Monday, December 23, 2013

Black Christmas (2006)

Here we are.  The only movie that I've seen in theaters that I walked out of before it was finished is about to get a second chance.

There's a great many things that make me feel old these days, and I'm feeling quite ancient knowing that it was already SEVEN YEARS AGO that I spent a lonely afternoon away from the crappy apartment I was living in at the time taking this incredibly dark and incredibly gruesome flick in at one of the local multiplexes.  Believe it or not, going in, I was pretty jacked.  On paper, this was a movie that had everything going for it.  It was directed by Glen Morgan, one of the gurus behind The X-Files and the creator of the Final Destination franchise.  It promised plenty of good, rollicking, old-school slasher action - fitting since it was a remake of what some people consider the original slasher flick (and one that I've reviewed already, by the way). 

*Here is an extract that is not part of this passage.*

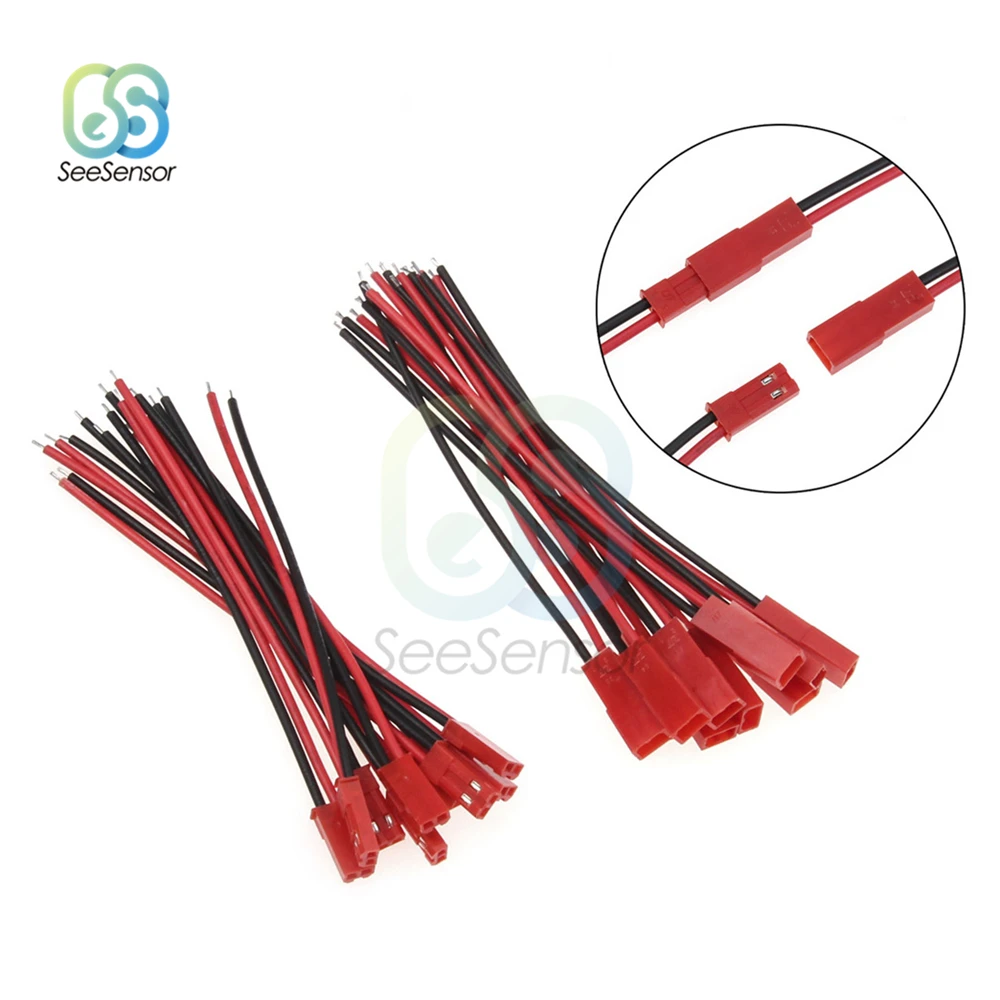 10 пар 100 мм см Штекерный разъем 22AWG JST кабель для RC BEC батарея вертолет DIY FPV Дрон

And it featured this woman in a prominent role.

Yup, Lacey "oh so fetch" Chabert, whom I've been a loyal fan of since...pretty much puberty.  For reasons other than her hotness, I swear (although that certainly doesn't hurt).  In Lick Ness Monster Land (and that really needs to be a theme park), it's one of the world's great injustices that both Rachel McAdams and Amanda Seyfried, two of the other "mean girls," have gone on to have Nicholas freakin' Sparks adaptation vehicles but she hasn't.  She's not just a good actress; she is a FANTASTIC one, able to play either a detestable bitch or an endearing heroine with shocking ease.  If I ever become Steven Spielberg successful (or at least Quentin Tarantino famous), one of my plans will be to make it so that she can afford her own solid gold private island, or whatever her ideal little heart desires.

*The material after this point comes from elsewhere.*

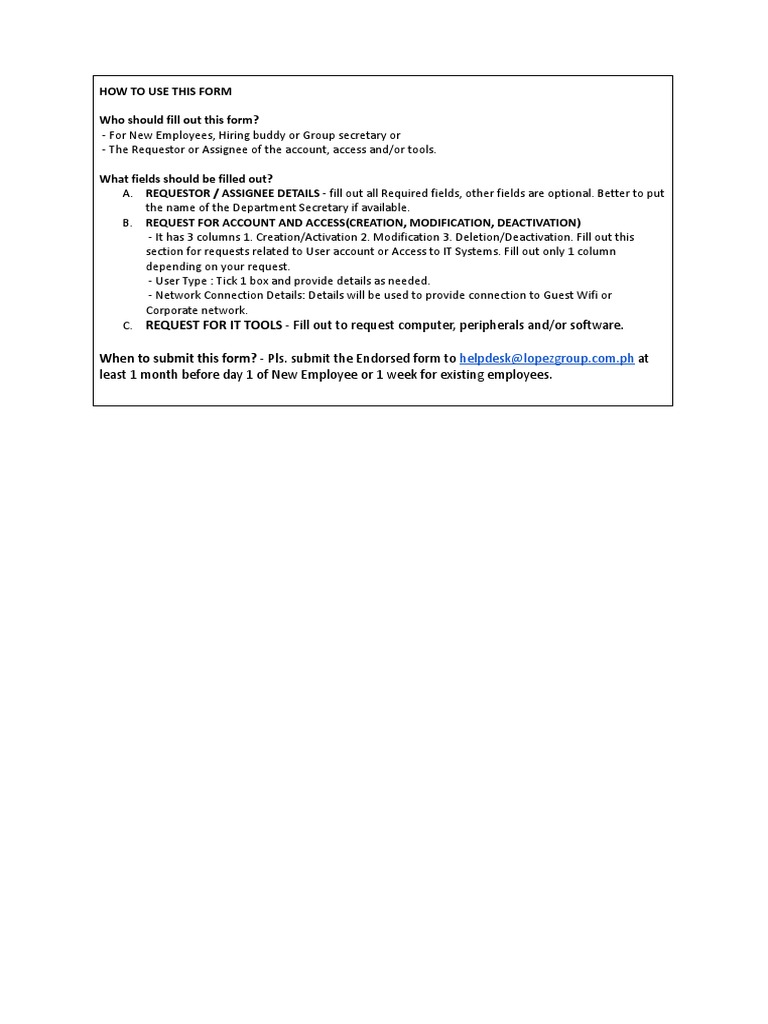 IT Access Request Form Instructions | PDF | Computer Network | Wi Fi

All that gushing aside, man, what is it about the Party of Five alumni that made them such great horror movie vixens?  You've got Lacey here and in a recent SyFy flick called Scarecrow, you've got Sidney Prescott herself in Neve Campbell, and Jennifer Love Hewitt...if she had chosen to do more horror films aside from the I Know What You Did Last Summer films, she could have given Jamie Lee Curtis a serious run for her money as far as "greatest horror heroine of all time" goes. She had it all - hot, likable, and a FANTASTIC screamer. 

Anyway, where was I?  Oh yeah, the Black Christmas remake.  Now that I've done my longest introduction since the "fun sizing" of these reviews, on with the show.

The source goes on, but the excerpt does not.